The international Survey of Adult Skills (PIAAC), which aims to collect data on people’s everyday competencies such as literacy, numeracy, information-seeking, use of computers and information technology, as well as their education and work experience, begins today. This is the second time that Estonia has participated in the survey.
“Previous analyses of the PIAAC survey have shown that success on the labour market, in education, and in community life presumes certain basic skills,” said Renno Veinthal, Deputy Secretary-General of the Estonian Ministry of Education and Research. “As elementary skills are learnable, the results of the survey importantly shed light on the bottlenecks that need to be addressed in adult learning and allow action to be taken to ensure that everyone’s experience and skills better meet the needs of the changing labour market,” Veinthal pointed out.
According to the results of the previous survey a decade ago, our adults with their basic information-processing skills, functional literacy, and numeracy were among the best in the world. However, the ability to use technology for problem-solving was weaker in Estonia than in the other countries surveyed.

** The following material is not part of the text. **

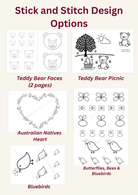 Collection of stick and stitch design options including teddy bear faces, picnic scene, heart with Australian natives, and birds.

In Estonia, the PIAAC survey is carried out by Statistics Estonia, and as stated by the Director General, it is vital to participate in the survey again in order to assess the activities in the period between the two surveys, and to draw conclusions.
“The PIAAC survey is like the PISA test for adults, in which people’s skills are mapped using a background questionnaire and various language, maths and other tasks. However, it is important to understand that this is a survey, not a test or exam. No one is scored, the answers are generalised in the analysis, and data are kept strictly confidential,” assured Urmet Lee, Director General of Statistics Estonia.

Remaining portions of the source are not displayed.